• _WHAT THIS TASK INVOLVES_:
Retype all of the listing exactly, passing over any picture you find.

• _THE DATA_:

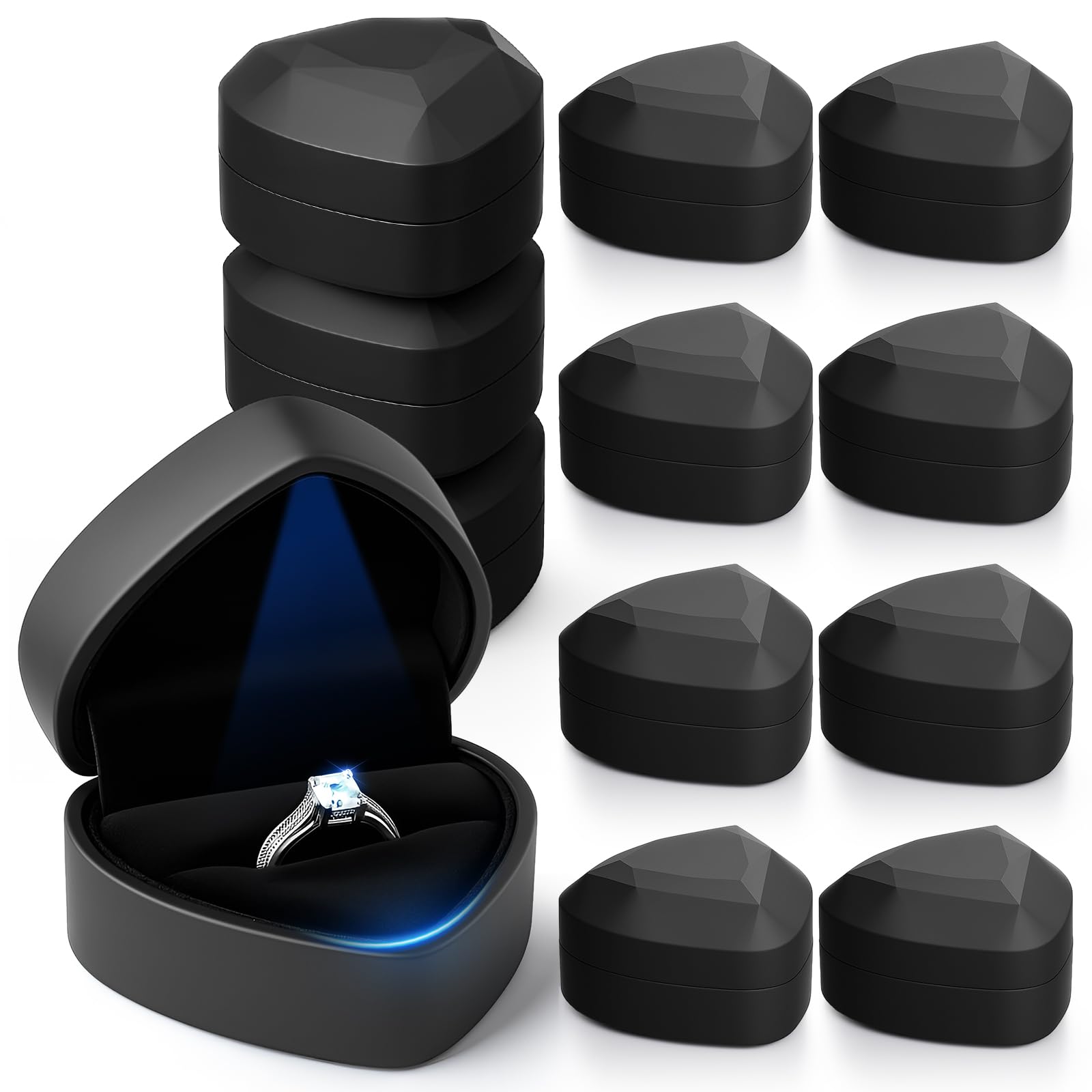 Boîte pour colliers et bracelets avec éclairage LED automatique noir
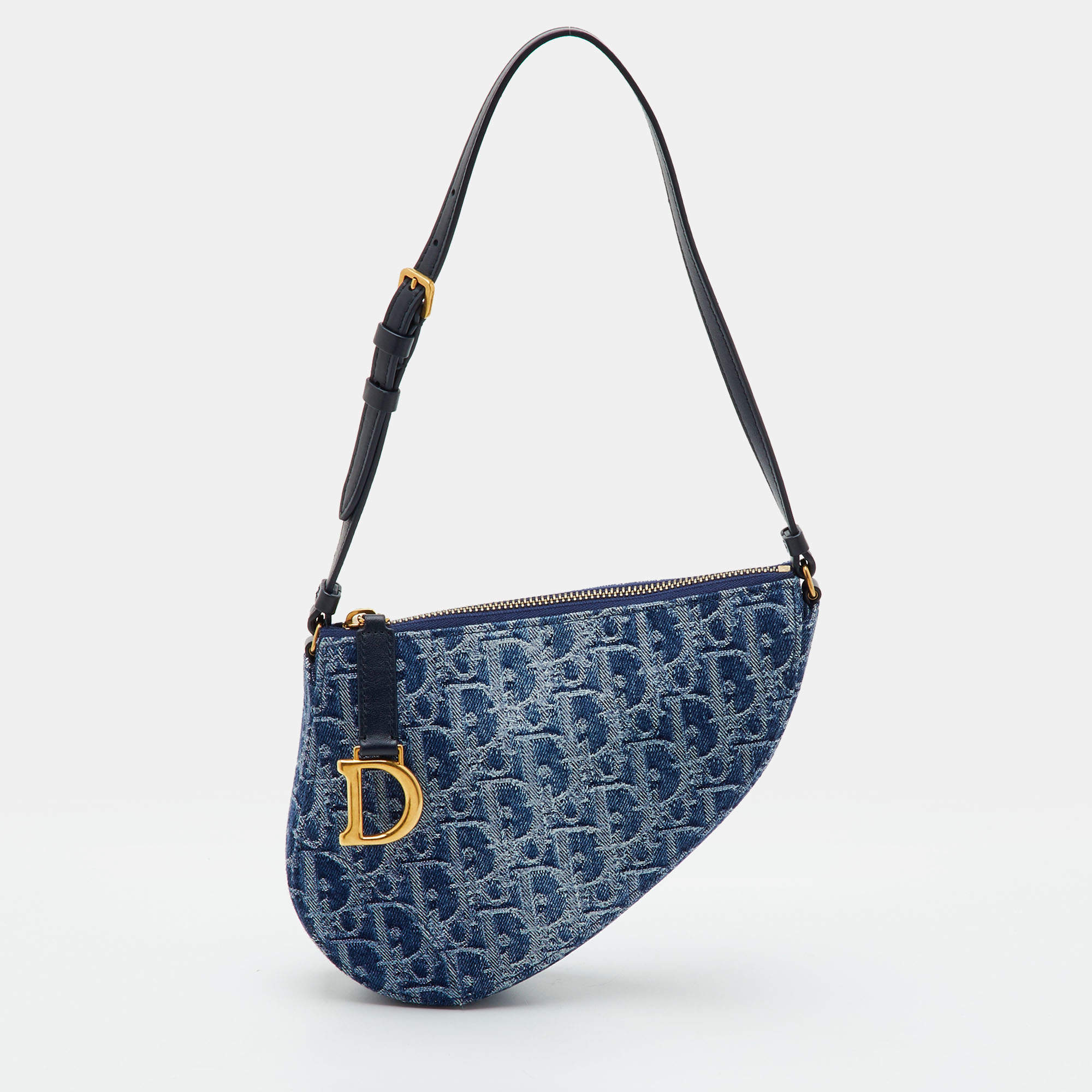 Pre Owned Dior Saddle Mini Navy Blue Trotter Denim and Leather Shoulder Bag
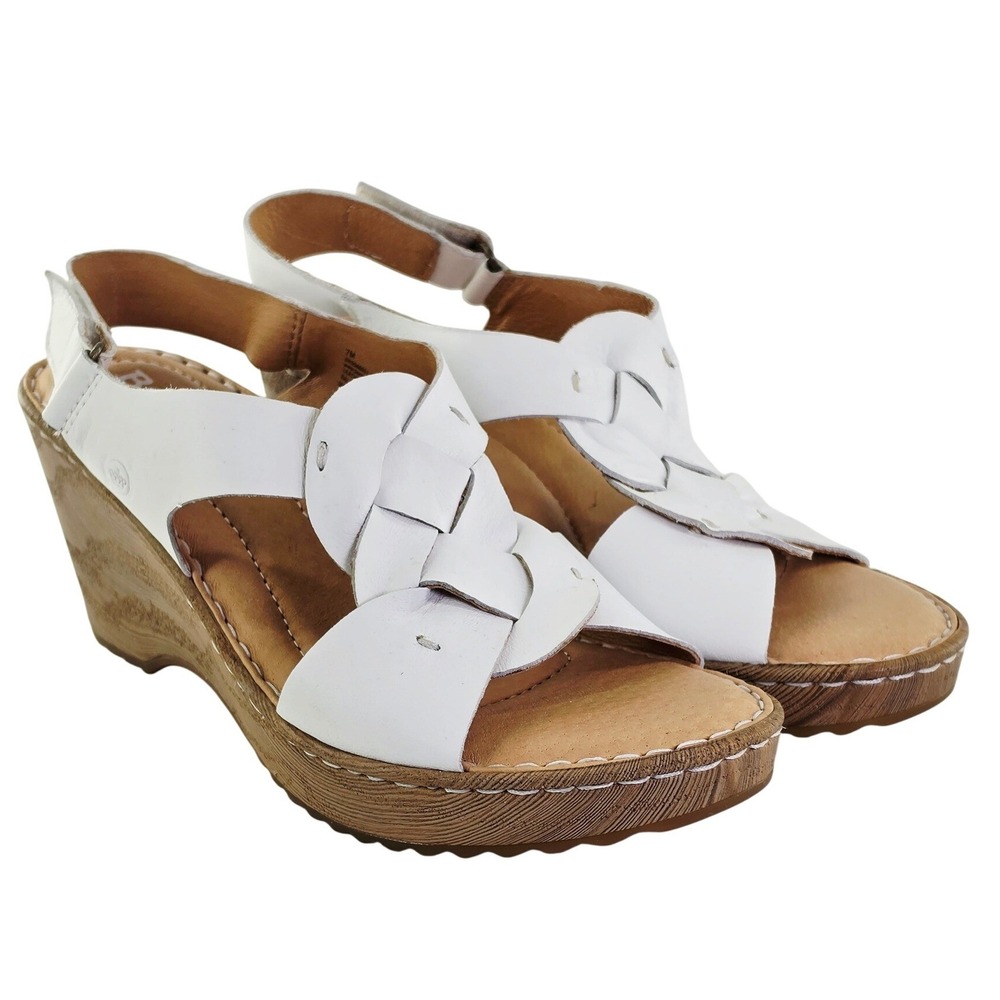 Born White Leather Braided Wedge Sandals Women 7M BR0046001 KHELK22 Handcrafted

• _TASK SOLUTION_:
 Boîte pour colliers et bracelets avec éclairage LED automatique noir
 Pre Owned Dior Saddle Mini Navy Blue Trotter Denim and Leather Shoulder Bag
 Born White Leather Braided Wedge Sandals Women 7M BR0046001 KHELK22 Handcrafted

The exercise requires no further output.